Side-by-side comparison
| Parameter | Enhancement | Depletion MOSFET |
|---|---|---|
| Channel at V_GS = 0 | No channel; device is OFF | Channel exists; device is ON by default |
| Threshold voltage V_th | Positive for N-channel (+1 to +4 V) | Negative for N-channel (−1 to −6 V) |
| Operating mode | Enhancement only (channel induced by gate) | Can operate in both depletion and enhancement mode |
| Gate voltage to turn OFF | Reduce V_GS below V_th (toward 0 V) | Apply negative V_GS to pinch off channel |
| Biasing complexity | Simple; self-biasing not needed for switch | Requires negative bias supply or self-bias resistor |
| Circuit symbol | Dashed channel line (broken) | Solid channel line (continuous) |
| Common N-channel devices | BS170, 2N7000, IRF540N | 2N3797, BF960 (dual-gate depletion) |
| Typical application | Power switches, digital logic, inverters | Constant-current sources, VCOs, GaAs RF amps |
| Fail-safe behavior | Fails OFF — safe for power switching | Fails ON — risky for power loads |
| Prevalence in industry | Dominant in digital and power design | Niche; mostly RF and constant-current circuits |
Key differences
Enhancement MOSFETs need a gate voltage above V_th to create a channel — the BS170 starts conducting at V_GS ≈ +2 V and is fully off at 0 V, making it inherently safe to drive from a logic output. Depletion MOSFETs carry a doped channel at fabrication; the 2N3797 passes I_DSS at V_GS = 0 and needs a negative gate voltage to cut off. This fail-ON behavior makes depletion types unsuitable for most power switching, but ideal as a constant-current two-terminal device — connect gate to source (V_GS = 0) and the depletion MOSFET behaves like a current regulator diode. In GaAs RF IC design, depletion-mode HEMTs are standard because they offer higher electron mobility and lower noise at microwave frequencies.
When to use Enhancement
Use an enhancement MOSFET when the device must be OFF by default and turn ON only when driven by a logic or PWM signal. A 2N7000 enhancement MOSFET in a microcontroller-driven LED driver is safe at power-up — no accidental turn-on, no flyback current until intentionally switched.

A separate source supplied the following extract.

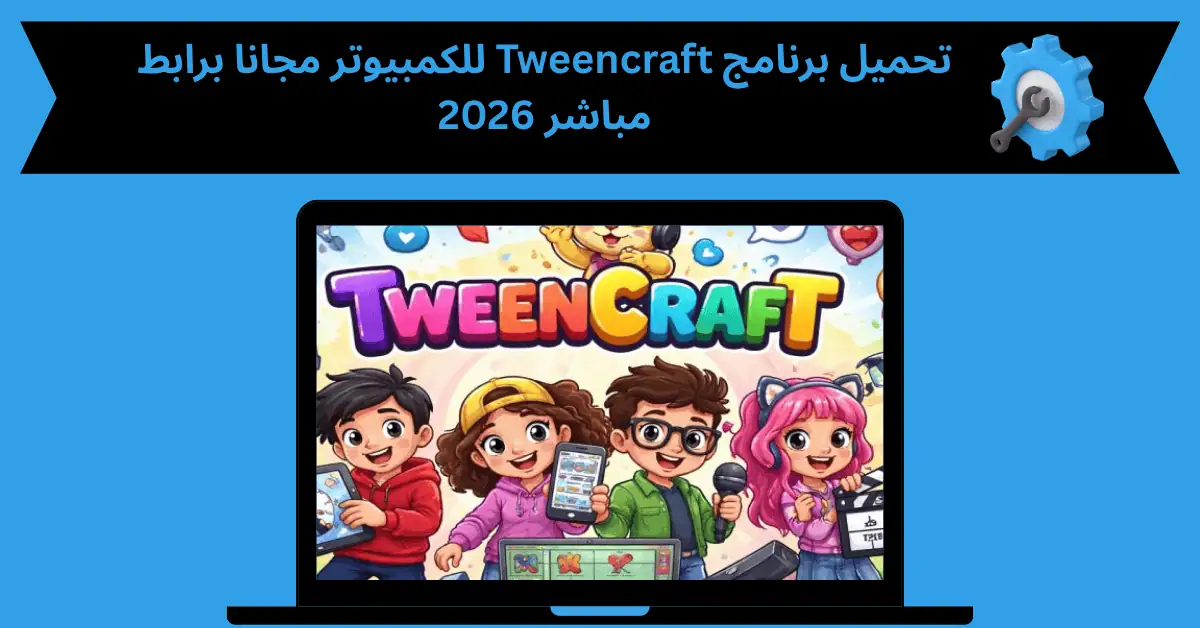 تحميل برنامج tweencraft للكمبيوتر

When to use Depletion MOSFET
Use a depletion MOSFET when a constant-current source with minimal external components is needed. Connecting a depletion N-channel MOSFET (gate shorted to source) in series with a load creates a simple current limiter that regulates I_D to I_DSS without any feedback resistor.
Recommendation
In 9 out of 10 real circuit problems, choose enhancement MOSFET — it integrates cleanly with logic, has predictable biasing, and fails safe. Depletion type is worth knowing for constant-current applications and RF design, but it's the answer only when the question specifically demands depletion-mode behavior.
Exam tip: Exam questions frequently ask students to draw the transfer characteristic (I_D vs V_GS) for both types on the same axis — know that the depletion curve extends into negative V_GS with I_DSS at zero, while the enhancement curve starts at positive V_th.
Interview tip: Core company interviewers ask why enhancement MOSFETs dominate digital IC design over depletion types — the correct answer centers on fail-safe OFF state, simpler biasing, and CMOS compatibility, not just a memorized preference.